POSTPONED due to circumstances beyond our control. New date TBD.
Bowerbird
presents
George Stavis
Elkhorn
George Stavis is a singular player, among the finest 5-string banjo players of his generation. Although trained in the traditions of Pete Seeger and Earl Scruggs, in the late 1960s Stavis developed a unique approach to the instrument which expanded it in both popular and exotic directions. His first solo album, Labyrinths, on the Vanguard label, is considered a landmark for improvisational performance (“. . . one of the essential albums, in any genre, of the 1960s.” –Glenn Jones), one that brought the banjo into the “world music” category, with its evocations of jazz, classical and Indian music. Later, Stavis developed the electric banjo, fronting a popular West Coast band, Oganookie, who performed up to 160 nights per year. In the mid-’80s, Stavis released a folk orchestral album, Morning Mood, which featured his long-time collaborator, violinist / fiddler Robert Stern, and included such notables such as Darol Anger and Mike Marshall on violin and mandolin, respectively. Stavis has performed on eight recordings, including four as principal, and has opened for such artists as Richie Havens, Neil Young, the Grateful Dead and Jean-Luc Ponty, as well as performing duets with the another of the banjo’s most notable innovators, the late Bill Keith. His early work has recently been re-released in Italy and the UK, and a recent solo piece can be heard on Imaginational Anthem, Vol. 3 (Tompkins Square). Though he has not been an active performer in recent years, he still plays out from time to time, and recently performed to a rapt audience at the Thousand Incarnations of the Rose Festival of American Primitive Music. Stavis currently lives in Dobbs Ferry, New York.

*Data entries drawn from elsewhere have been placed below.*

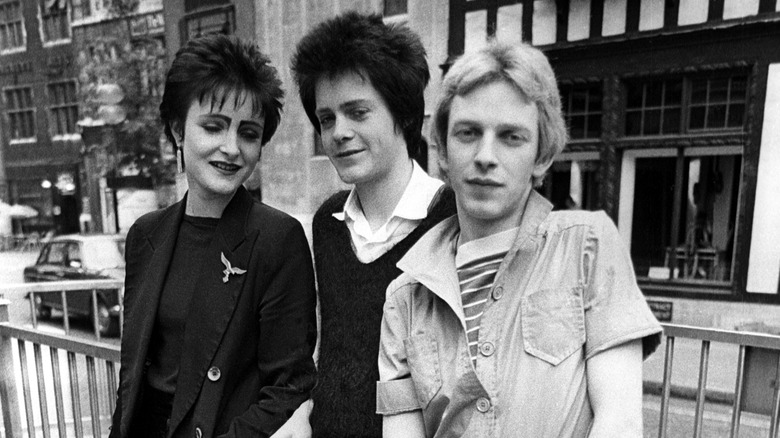The band Siouxsie and the Banshees posing on a city street.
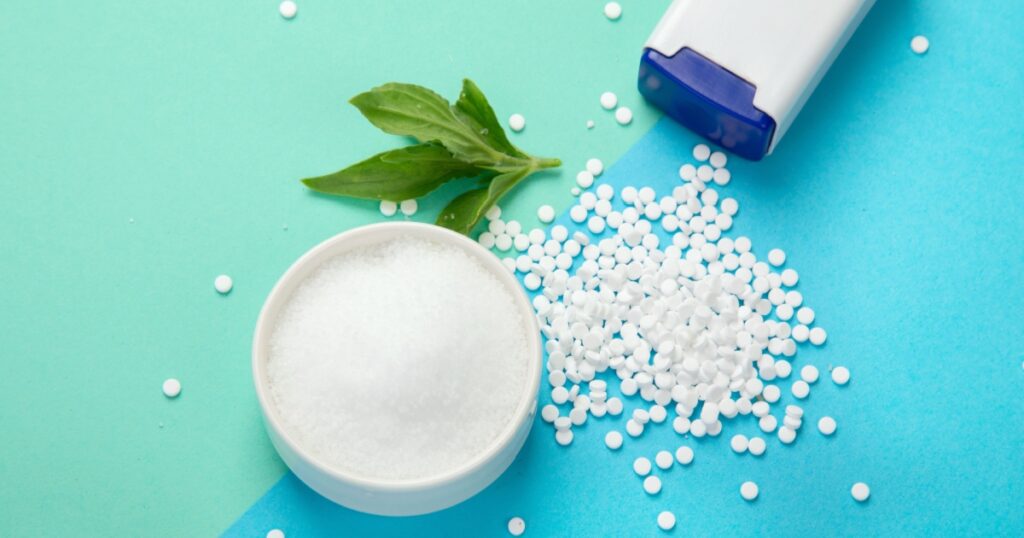 Sugar substitute on color background. Diabetic concept. Top view, flat lay, copy space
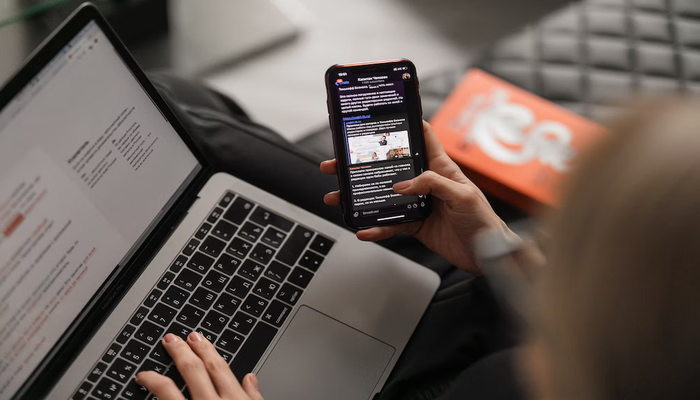 A representational image shows a woman using his mobile besides a laptop. — Unsplash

Elkhorn is the musical project of guitarists Jesse Sheppard (Philadelphia) and Drew Gardner (New York City). While the duo frequently collaborates with a wide variety of musicians, their sound is rooted at its core in the interplay of Sheppard’s twelve-string acoustic fingerpicking with Gardner’s electric lead flowing through. The music draws from many sources; including folk, psych, blues, jazz, and world music. “The Storm Sessions,” Elkhorn’s sixth album since forming in 2013, is being released on February 7th by Beyond Beyond is Beyond Records. As Jesse Jarnow writes, the album “is filled with flickering textures that might create warmth on a cold day, or a bubble of human atmosphere inside a dreary dystopian vacuum, no matter the weather outside.”
Admission is FREE
POSTPONED due to circumstances beyond our control. New date TBD.